As for the second epidemic that appears in the expression, cholera or ‘the raptor of the young’, it took over in the early 19th century, just as people were beginning to catch their breath after the plague had been eradicated, proclaiming itself the new serial killer.
From the Latin ‘Cholerae’, it is an enteric toxo-infection that causes copious diarrhoea and very acute dehydration leading to death. Unlike the plague, but like religious obscurantism, it is transmitted exclusively among men. Those affected by this disease vomit a mixture similar to rice pudding and go into convulsions preceded by cyanosis and a horrible body cold until they die.

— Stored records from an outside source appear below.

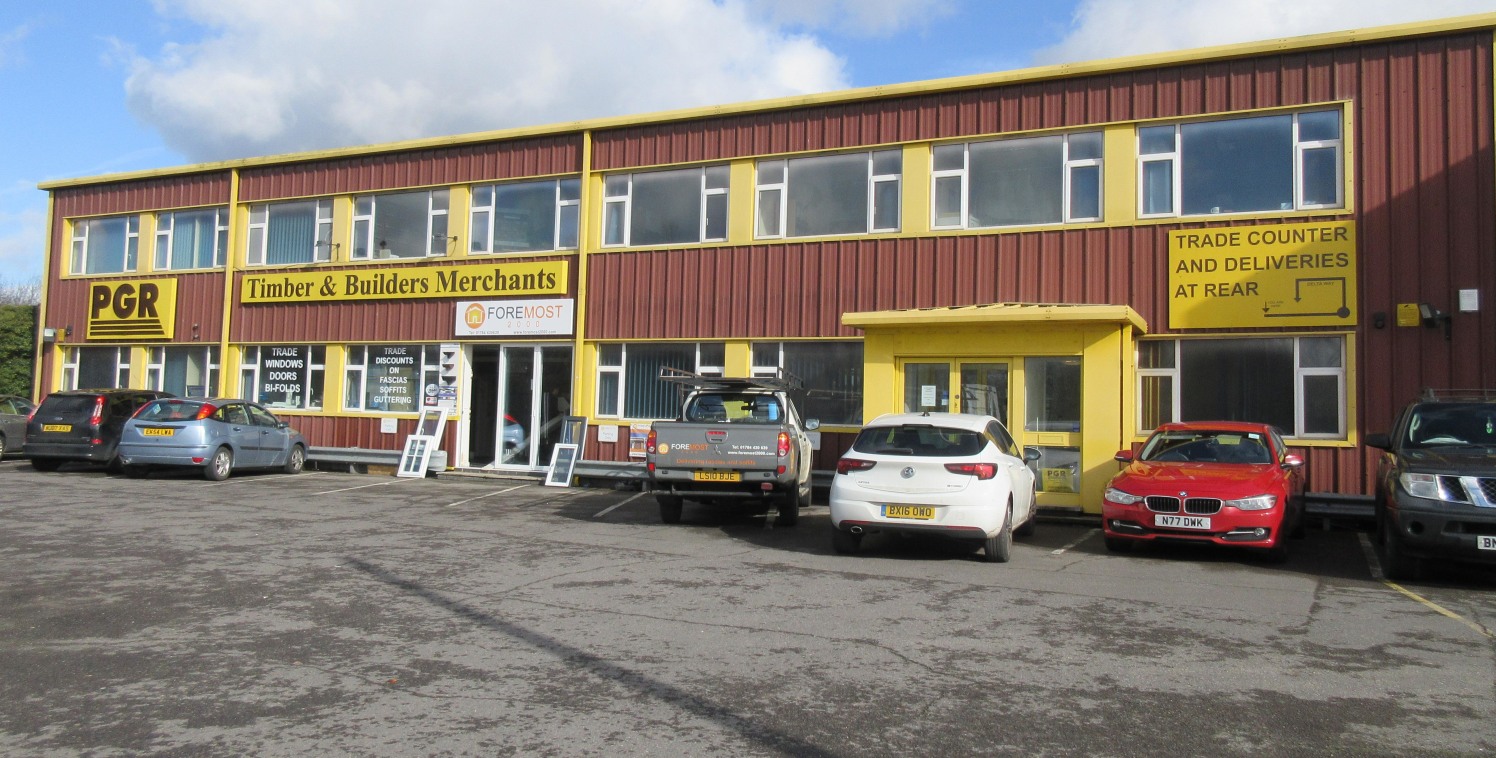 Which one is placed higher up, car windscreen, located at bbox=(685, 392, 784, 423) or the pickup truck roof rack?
the pickup truck roof rack

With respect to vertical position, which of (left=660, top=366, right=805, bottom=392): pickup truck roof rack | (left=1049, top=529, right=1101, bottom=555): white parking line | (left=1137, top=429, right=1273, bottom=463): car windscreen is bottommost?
(left=1049, top=529, right=1101, bottom=555): white parking line

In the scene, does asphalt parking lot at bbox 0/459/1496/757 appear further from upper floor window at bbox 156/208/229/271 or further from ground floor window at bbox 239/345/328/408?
upper floor window at bbox 156/208/229/271

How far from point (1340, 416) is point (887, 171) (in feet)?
26.2

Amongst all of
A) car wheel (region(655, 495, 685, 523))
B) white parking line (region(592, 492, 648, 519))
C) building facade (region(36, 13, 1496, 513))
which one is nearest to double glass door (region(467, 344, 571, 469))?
building facade (region(36, 13, 1496, 513))

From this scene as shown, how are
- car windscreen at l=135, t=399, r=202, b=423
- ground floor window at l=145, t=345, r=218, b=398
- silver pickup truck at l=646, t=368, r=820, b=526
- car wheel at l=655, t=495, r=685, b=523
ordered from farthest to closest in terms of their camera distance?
1. ground floor window at l=145, t=345, r=218, b=398
2. car windscreen at l=135, t=399, r=202, b=423
3. car wheel at l=655, t=495, r=685, b=523
4. silver pickup truck at l=646, t=368, r=820, b=526

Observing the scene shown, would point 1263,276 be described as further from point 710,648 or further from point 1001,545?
point 710,648

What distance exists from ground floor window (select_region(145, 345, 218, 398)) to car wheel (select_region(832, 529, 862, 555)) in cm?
1871

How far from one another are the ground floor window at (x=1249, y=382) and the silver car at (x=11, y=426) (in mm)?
23002

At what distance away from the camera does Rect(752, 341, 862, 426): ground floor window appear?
17969 mm

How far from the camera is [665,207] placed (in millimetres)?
20188

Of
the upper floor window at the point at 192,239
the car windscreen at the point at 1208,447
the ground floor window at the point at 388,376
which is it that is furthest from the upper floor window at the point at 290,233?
the car windscreen at the point at 1208,447

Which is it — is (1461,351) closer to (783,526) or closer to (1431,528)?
(1431,528)

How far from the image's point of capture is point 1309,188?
15.3m

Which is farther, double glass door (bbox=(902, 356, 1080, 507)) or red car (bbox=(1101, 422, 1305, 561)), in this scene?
double glass door (bbox=(902, 356, 1080, 507)) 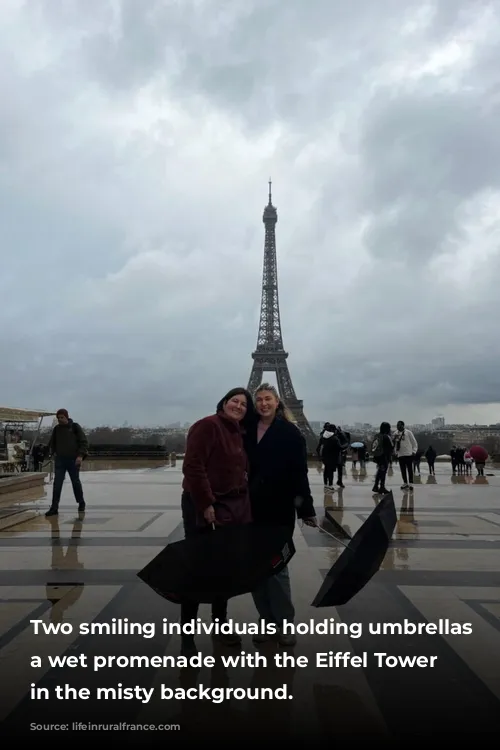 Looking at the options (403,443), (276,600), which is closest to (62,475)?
(276,600)

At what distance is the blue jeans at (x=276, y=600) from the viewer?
3.67 metres

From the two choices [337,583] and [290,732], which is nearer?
[290,732]

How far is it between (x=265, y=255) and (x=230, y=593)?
79.5 metres

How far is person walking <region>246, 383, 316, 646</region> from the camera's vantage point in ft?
12.1

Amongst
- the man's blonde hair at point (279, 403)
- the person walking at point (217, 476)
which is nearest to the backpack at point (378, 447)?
the man's blonde hair at point (279, 403)

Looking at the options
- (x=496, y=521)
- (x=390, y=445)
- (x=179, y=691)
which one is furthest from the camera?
(x=390, y=445)

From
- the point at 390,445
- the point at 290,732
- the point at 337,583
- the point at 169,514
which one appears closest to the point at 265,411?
the point at 337,583

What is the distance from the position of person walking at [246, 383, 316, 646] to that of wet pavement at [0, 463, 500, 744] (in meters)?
0.26

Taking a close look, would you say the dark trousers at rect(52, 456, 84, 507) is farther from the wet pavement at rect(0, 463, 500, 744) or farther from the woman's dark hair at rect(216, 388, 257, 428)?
the woman's dark hair at rect(216, 388, 257, 428)

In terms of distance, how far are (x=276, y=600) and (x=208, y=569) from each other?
2.03ft

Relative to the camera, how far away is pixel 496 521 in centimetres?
800

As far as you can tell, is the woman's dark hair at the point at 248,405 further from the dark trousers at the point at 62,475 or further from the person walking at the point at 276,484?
the dark trousers at the point at 62,475

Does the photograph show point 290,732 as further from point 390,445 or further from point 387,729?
point 390,445

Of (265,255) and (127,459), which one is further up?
(265,255) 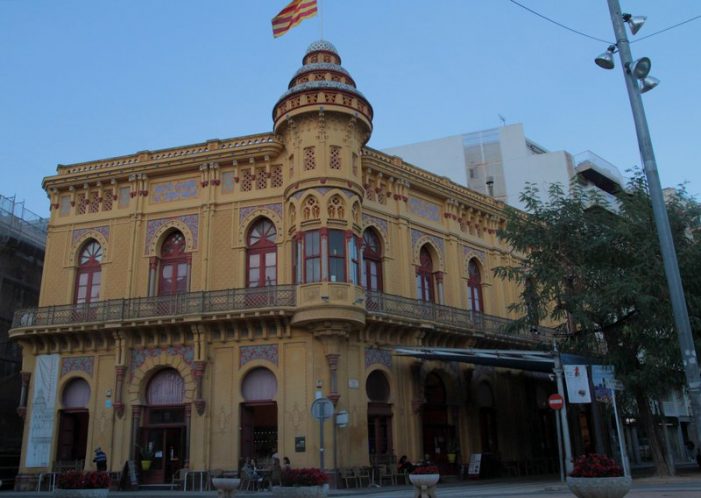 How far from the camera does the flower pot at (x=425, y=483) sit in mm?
14086

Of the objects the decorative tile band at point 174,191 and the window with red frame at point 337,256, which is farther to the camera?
the decorative tile band at point 174,191

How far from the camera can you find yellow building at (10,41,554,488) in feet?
78.5

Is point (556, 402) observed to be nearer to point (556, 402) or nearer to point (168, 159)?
point (556, 402)

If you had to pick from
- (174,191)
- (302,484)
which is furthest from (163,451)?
(302,484)

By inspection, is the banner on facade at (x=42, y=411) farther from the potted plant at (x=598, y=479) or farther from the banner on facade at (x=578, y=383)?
the potted plant at (x=598, y=479)

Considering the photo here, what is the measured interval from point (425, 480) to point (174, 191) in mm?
17653

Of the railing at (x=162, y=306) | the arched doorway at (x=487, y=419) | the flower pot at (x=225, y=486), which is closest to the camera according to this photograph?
the flower pot at (x=225, y=486)

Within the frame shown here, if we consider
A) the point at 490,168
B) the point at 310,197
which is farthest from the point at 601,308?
the point at 490,168

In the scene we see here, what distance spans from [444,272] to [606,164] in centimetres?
2987

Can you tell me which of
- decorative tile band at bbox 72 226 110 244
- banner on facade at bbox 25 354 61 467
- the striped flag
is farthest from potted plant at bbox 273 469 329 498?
decorative tile band at bbox 72 226 110 244

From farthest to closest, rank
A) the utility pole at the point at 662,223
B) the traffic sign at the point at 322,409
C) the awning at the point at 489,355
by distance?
the awning at the point at 489,355
the traffic sign at the point at 322,409
the utility pole at the point at 662,223

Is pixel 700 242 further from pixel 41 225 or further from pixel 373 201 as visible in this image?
pixel 41 225

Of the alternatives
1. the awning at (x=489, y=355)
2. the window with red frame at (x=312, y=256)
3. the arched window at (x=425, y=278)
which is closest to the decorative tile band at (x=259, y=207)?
the window with red frame at (x=312, y=256)

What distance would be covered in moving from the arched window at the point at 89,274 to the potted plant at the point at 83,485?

Here, I recall a passage from a poem by the great Bayram Attunusi which reads:
Oh East, bright thy sky, dark thy thought
Warm your climate, cold your people
Does this grim and chilling description apply today to the Syrian people with their new Cid (Arabic for ‘lord’)? I say Cid because the ‘Cornelian dilemma’ (by Corneille, the French poet) has Rodrigo Díaz de Vivar as its protagonist.
In fact, the play by the French playwright also called ‘the Cid’ speaks of the love that united the latter and Jimena (second niece of King Alfonso VI) and that the two lovers had made a promise to marry. However, according to Corneille, there was a quarrel between their respective parents that ended with her father humiliating her father. Such an affront landed our protagonist in an unenviable situation.
He knows that to wash his father's honour he will have to confront his hypothetical brother-in-law and kill him and thereby lose the love of his beloved forever, but he also knows that if he does not do so he loses his honour and with it Jimena's esteem, since the codes of honour imply repelling anyone who does not defend his family's honour.
Many works have been written about the Cid, some in praise, such as Corneille's or the ‘Cantar del Mío Cid’, which some Spanish researchers attribute to Abu-l-Walid Al-Waqqshi, and others less considered, even branding him as a mercenary and stateless.
While it is true that the view depends on one's angle of vision and interests, we are dealing with a brilliant ‘Campi doctor’ who played the role of ‘faiseur de rois’ in his time.
Indeed, among many of his exploits, it was he who gave victory to Sancho, ruler of Castile, in the battle of Golpejera in 1072 against his brother Alfonso ‘the Brave’, ruler of León. After Sancho was assassinated, he went to work - reluctantly - with Alfonso VI, only to decide later, following a series of banishments due to disagreements with the new monarch, to devote himself to his own interests and sell his services to the highest bidder, whether Moorish or Christian, until he took over the Kingdom of Valencia, which stretched from Denia to Tortosa.
Is the Idlib of today the Valencia of yesteryear?
It is clear that our two cides, the champion and Al-Jolani, have many points in common, especially their willingness to work with opposing sides. Now, it remains to be seen whether the latter will follow the path of the former - in Corneille's play -, that is to say, opt for the honour of his family, or whether he is the protagonist of a new play without principles or values in today's times.
Honour is like virginity, said Clemenceau, it only serves once.